--- Material shown ---

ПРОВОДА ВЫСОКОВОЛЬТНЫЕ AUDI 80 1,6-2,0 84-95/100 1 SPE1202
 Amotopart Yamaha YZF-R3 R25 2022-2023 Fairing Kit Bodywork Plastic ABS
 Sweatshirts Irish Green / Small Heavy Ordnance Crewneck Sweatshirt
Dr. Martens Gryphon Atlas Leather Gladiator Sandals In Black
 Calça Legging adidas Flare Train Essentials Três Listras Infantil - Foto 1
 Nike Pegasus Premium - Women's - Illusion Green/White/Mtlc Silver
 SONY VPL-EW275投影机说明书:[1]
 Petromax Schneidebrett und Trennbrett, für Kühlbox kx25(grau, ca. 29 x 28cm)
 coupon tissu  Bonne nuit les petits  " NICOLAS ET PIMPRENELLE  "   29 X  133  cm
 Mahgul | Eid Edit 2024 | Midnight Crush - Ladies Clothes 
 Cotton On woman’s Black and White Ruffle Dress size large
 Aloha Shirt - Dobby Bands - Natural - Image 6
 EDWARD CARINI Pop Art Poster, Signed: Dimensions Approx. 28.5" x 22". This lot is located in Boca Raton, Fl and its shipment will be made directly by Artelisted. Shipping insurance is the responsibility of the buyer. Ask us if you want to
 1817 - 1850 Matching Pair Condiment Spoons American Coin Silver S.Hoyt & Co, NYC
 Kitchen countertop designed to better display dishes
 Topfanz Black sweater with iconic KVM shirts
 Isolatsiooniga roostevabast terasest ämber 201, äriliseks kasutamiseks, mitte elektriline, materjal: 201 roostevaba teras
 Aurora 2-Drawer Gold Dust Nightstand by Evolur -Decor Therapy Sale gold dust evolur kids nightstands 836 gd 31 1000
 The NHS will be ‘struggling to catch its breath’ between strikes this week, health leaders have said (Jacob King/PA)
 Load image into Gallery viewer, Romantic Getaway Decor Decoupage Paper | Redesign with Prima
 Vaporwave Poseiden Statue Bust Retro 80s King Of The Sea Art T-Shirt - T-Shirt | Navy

---

Reproduce every record in full, keeping each one exactly as it reads.

ПРОВОДА ВЫСОКОВОЛЬТНЫЕ AUDI 80 1,6-2,0 84-95/100 1 SPE1202
 Amotopart Yamaha YZF-R3 R25 2022-2023 Fairing Kit Bodywork Plastic ABS
 Sweatshirts Irish Green / Small Heavy Ordnance Crewneck Sweatshirt
Dr. Martens Gryphon Atlas Leather Gladiator Sandals In Black
 Calça Legging adidas Flare Train Essentials Três Listras Infantil - Foto 1
 Nike Pegasus Premium - Women's - Illusion Green/White/Mtlc Silver
 SONY VPL-EW275投影机说明书:[1]
 Petromax Schneidebrett und Trennbrett, für Kühlbox kx25(grau, ca. 29 x 28cm)
 coupon tissu  Bonne nuit les petits  " NICOLAS ET PIMPRENELLE  "   29 X  133  cm
 Mahgul | Eid Edit 2024 | Midnight Crush - Ladies Clothes 
 Cotton On woman’s Black and White Ruffle Dress size large
 Aloha Shirt - Dobby Bands - Natural - Image 6
 EDWARD CARINI Pop Art Poster, Signed: Dimensions Approx. 28.5" x 22". This lot is located in Boca Raton, Fl and its shipment will be made directly by Artelisted. Shipping insurance is the responsibility of the buyer. Ask us if you want to
 1817 - 1850 Matching Pair Condiment Spoons American Coin Silver S.Hoyt & Co, NYC
 Kitchen countertop designed to better display dishes
 Topfanz Black sweater with iconic KVM shirts
 Isolatsiooniga roostevabast terasest ämber 201, äriliseks kasutamiseks, mitte elektriline, materjal: 201 roostevaba teras
 Aurora 2-Drawer Gold Dust Nightstand by Evolur -Decor Therapy Sale gold dust evolur kids nightstands 836 gd 31 1000
 The NHS will be ‘struggling to catch its breath’ between strikes this week, health leaders have said (Jacob King/PA)
 Load image into Gallery viewer, Romantic Getaway Decor Decoupage Paper | Redesign with Prima
 Vaporwave Poseiden Statue Bust Retro 80s King Of The Sea Art T-Shirt - T-Shirt | Navy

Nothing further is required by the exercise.